> _Available data_:
========================================
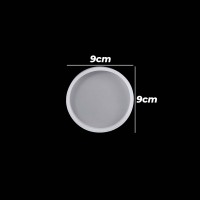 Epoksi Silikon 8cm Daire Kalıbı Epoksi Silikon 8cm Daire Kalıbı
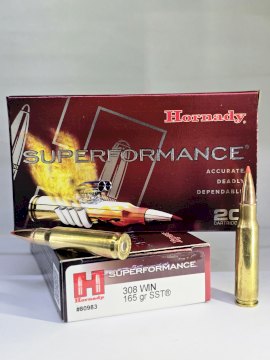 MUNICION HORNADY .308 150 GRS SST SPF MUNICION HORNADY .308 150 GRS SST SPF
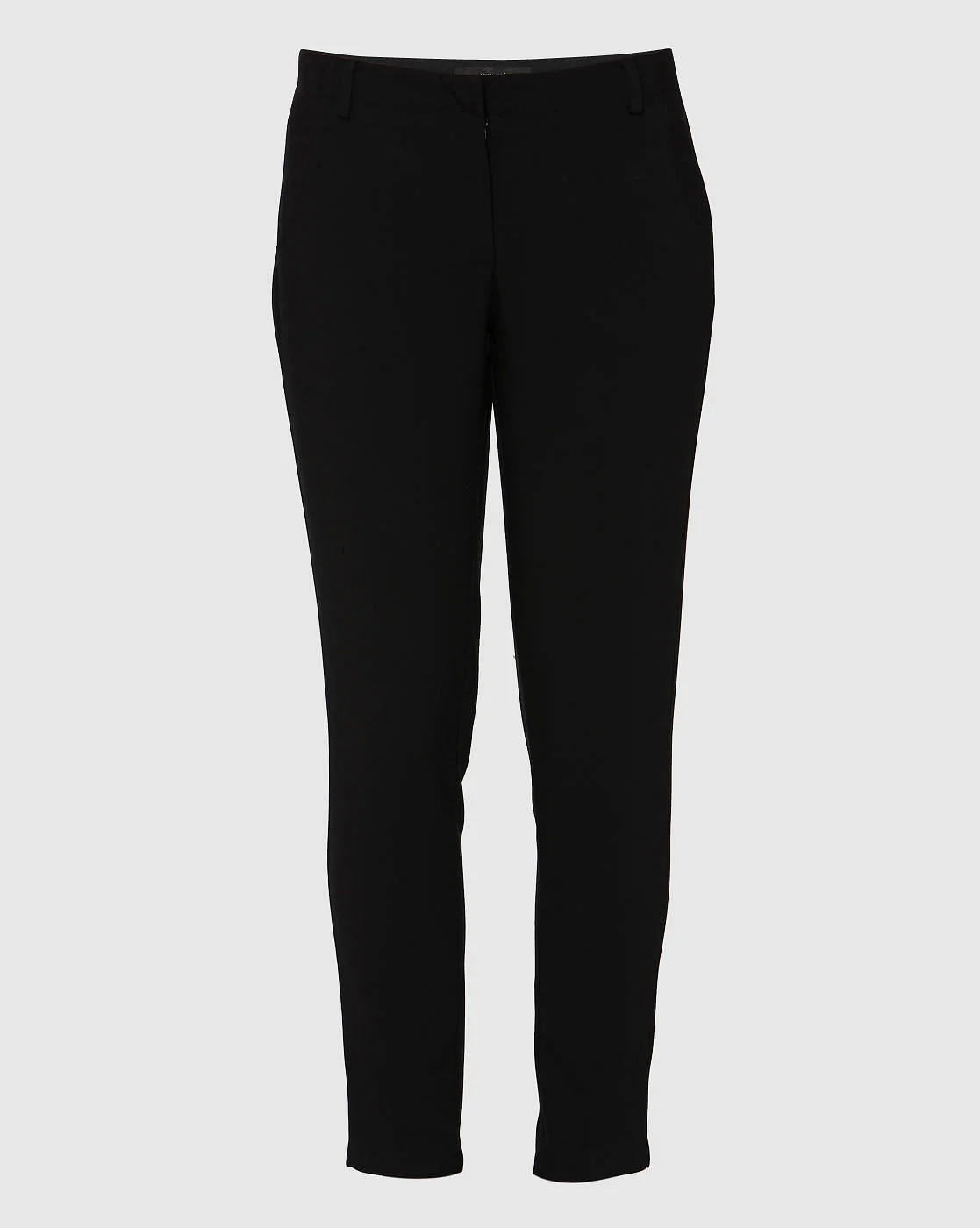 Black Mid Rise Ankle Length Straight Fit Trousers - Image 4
========================================
Omit every picture while copying the listing above exactly.

 Epoksi Silikon 8cm Daire Kalıbı Epoksi Silikon 8cm Daire Kalıbı
 MUNICION HORNADY .308 150 GRS SST SPF MUNICION HORNADY .308 150 GRS SST SPF
 Black Mid Rise Ankle Length Straight Fit Trousers - Image 4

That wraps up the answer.